May 6, 1954 is the 126th day of the year 1954 in the Gregorian calendar. There are 239 days remaining until the end of this year. The day of the week is Thursday. A person born on this day will be 57 years old today. (Assuming this person is still alive and kicking) PG is alive, but with his right knee torn up, tries to avoid kicking.
Bead 082 The wife of Ketut Liyer, Nyomo, is very suspicious of Miss Gilbert. The two become buddies after Miss Gilbert takes the medical notebooks of the doctor to a printshop in town, and makes beautiful xerox copies of them.
PG looked at the clock. If he was going to eat, and join his friends at a downtown coffee shop in one hour, he needed to get moving. However, he was playing a musicplayer. The music was a piano player named Issac Shepard. A number called “Elation” was playing, and PG had become fond of the song. Dinner would have to wait another minute. The coffee drinkers are never on time anyway.

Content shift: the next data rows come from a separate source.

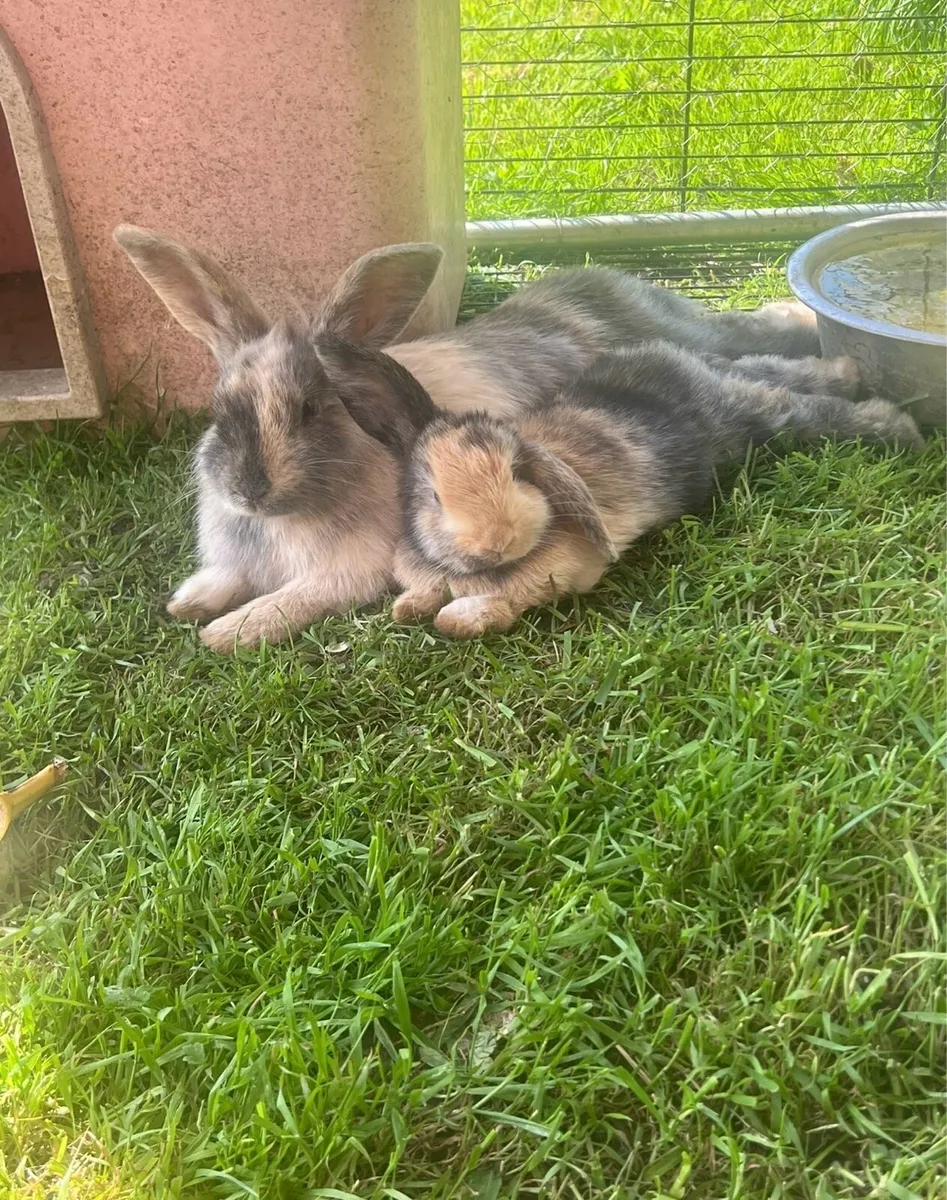 Lop Rabbits - Image 4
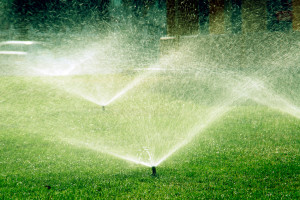 Watering the Lawn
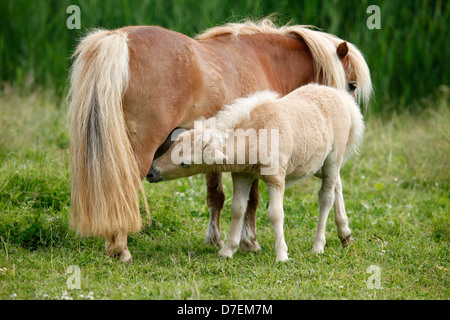 Miniatura pony Shetland Foto Stock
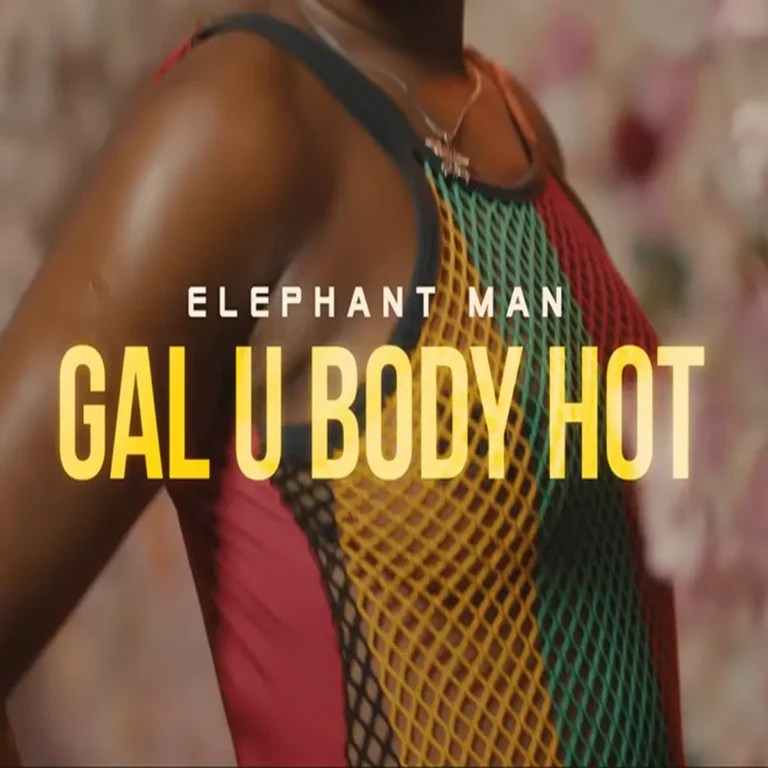 Elephant Man - Gal U Body Hot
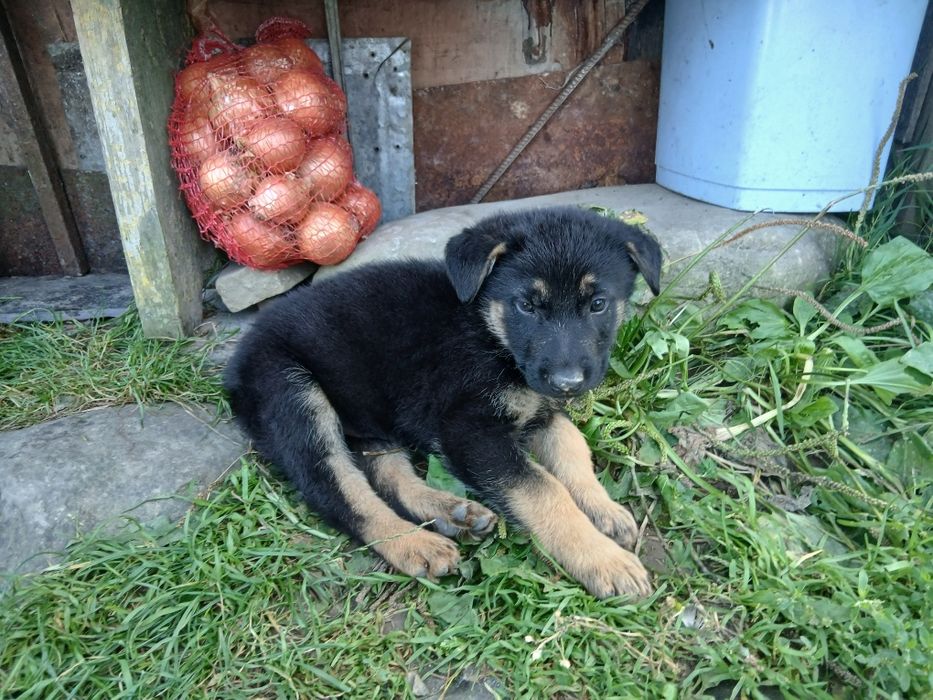 Продаються чистокровні песики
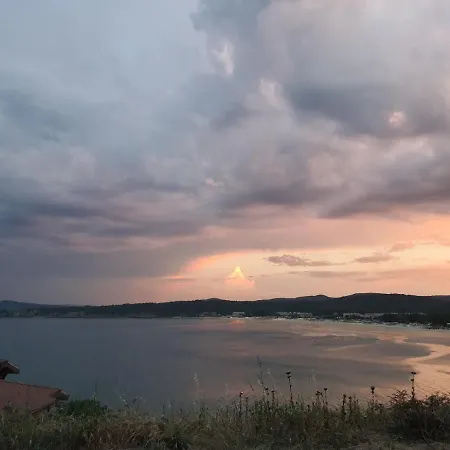 Provence ソゾポル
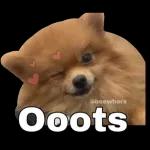perrito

Bead 083 Yudhi is from Java, another island in the archipelago of Indonesia. He works for the lady whose house Miss Gilbert is renting, and has become her friend. The story of Yudhi (You-Day) is interesting, if just a touch unbelievable. He was working on a cruise ship, and wound up in New York. Yudhi did well, and married a lady named Ann. After 911, the authorities became suspicious of immigrants from Moslem countries, even those from Christian families. Yudhi was deported from the USA, and lives in Bali.
Eat, Pray, Love got 2821 reviews on amazon. 613 were one star. Some of the titles were Eat Pray Shove (It), Glib, narcissistic and lightweight, A ME-moir, not a memoir, Symptomatic Of The Downfall Of Western Civilization…, and Trite, Terrible, Vain. One negative review says things that are relevant to this bead.

On to India. At the Ashram, she learns to meditate and still broods over her lost marriage and subsequent realtionship. Probably the most boring part of the book, except for her conversations with “Richard from Texas” — a down home, larger than life character who speaks in folksy platitudes that would make Andy Griffith proud. He also bestows our author with her nickname “Groceries” because she was emaciated from grief from crying for the millionth time over her beloved David. As one reviewer from Amazon said, “What kind of nickname is Groceries?”
I honestly believe she made these people up. Reminds me of “Go Ask Alice” — supposedly the real story of the drug-addicted Anonymous — until it was revealed that the protagonist was a fictitious composite of the author’s psychiatric patients. Boo.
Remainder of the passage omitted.